Problem requirements —
What you give back should be exactly the lines from the one with "Prada velvet stand" through the final line of the material, pictures removed; please add nothing.

Information —

+---+

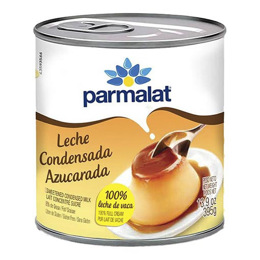 Leche Condensada Azucarada Parmalat 395gr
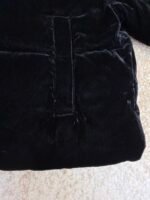 Prada velvet stand collar cropped coat - Image 10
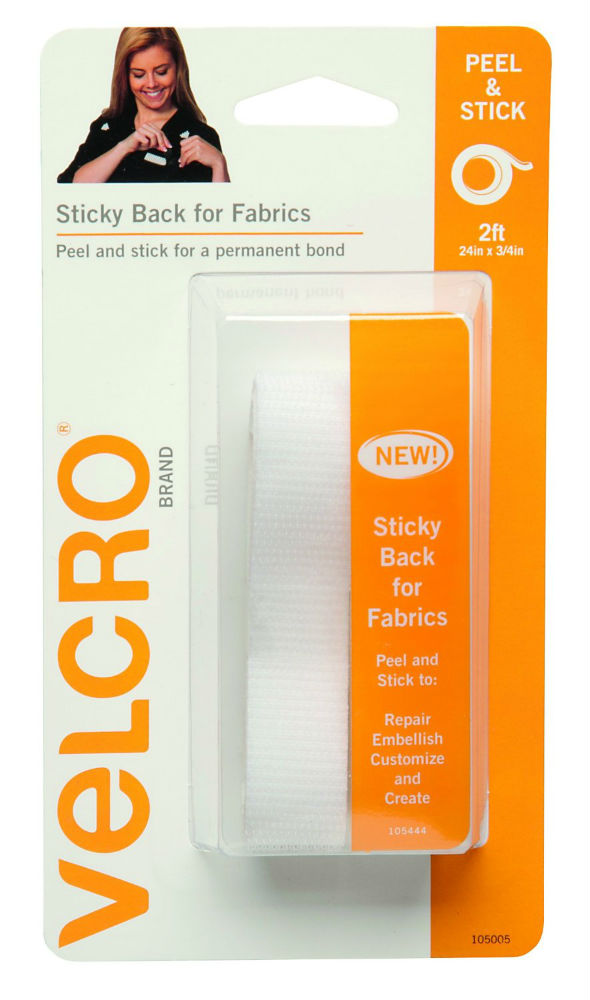 VELCRO Brand Sticky Back for Fabrics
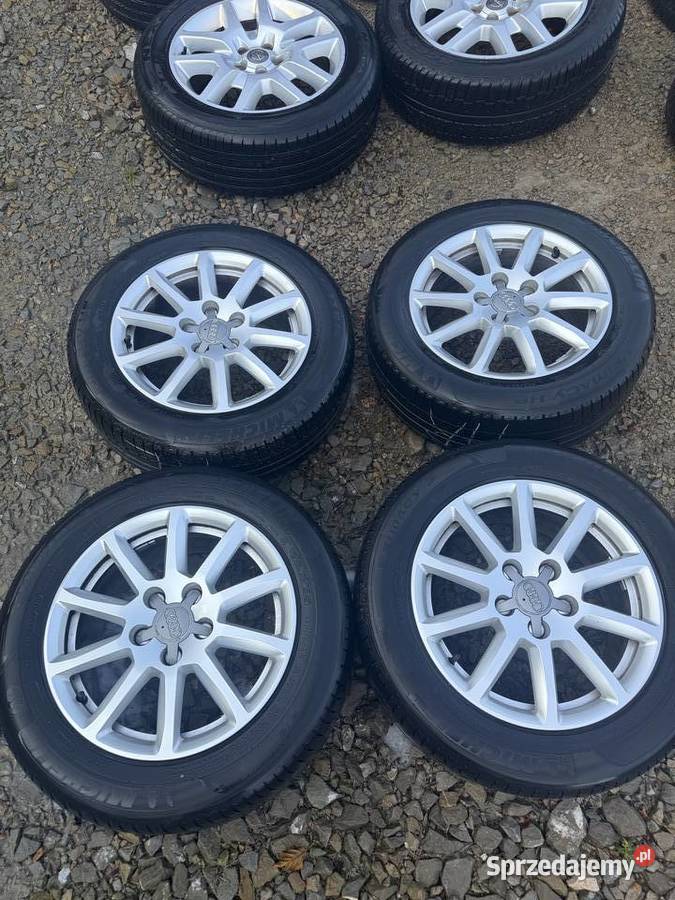 Opony letnie Audi A4 jedyne 850 lato Łękawica
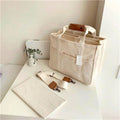 Trousse De Toilette Complete Bebe Beige / 35cm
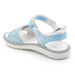 Primigi Girl's Sandal Turquois Glitter (Sizes 31-35) - 1083609 - Tip Top Shoes of New York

+---+

Answer space —
 Prada velvet stand collar cropped coat - Image 10
 VELCRO Brand Sticky Back for Fabrics
 Opony letnie Audi A4 jedyne 850 lato Łękawica
 Trousse De Toilette Complete Bebe Beige / 35cm
 Primigi Girl's Sandal Turquois Glitter (Sizes 31-35) - 1083609 - Tip Top Shoes of New York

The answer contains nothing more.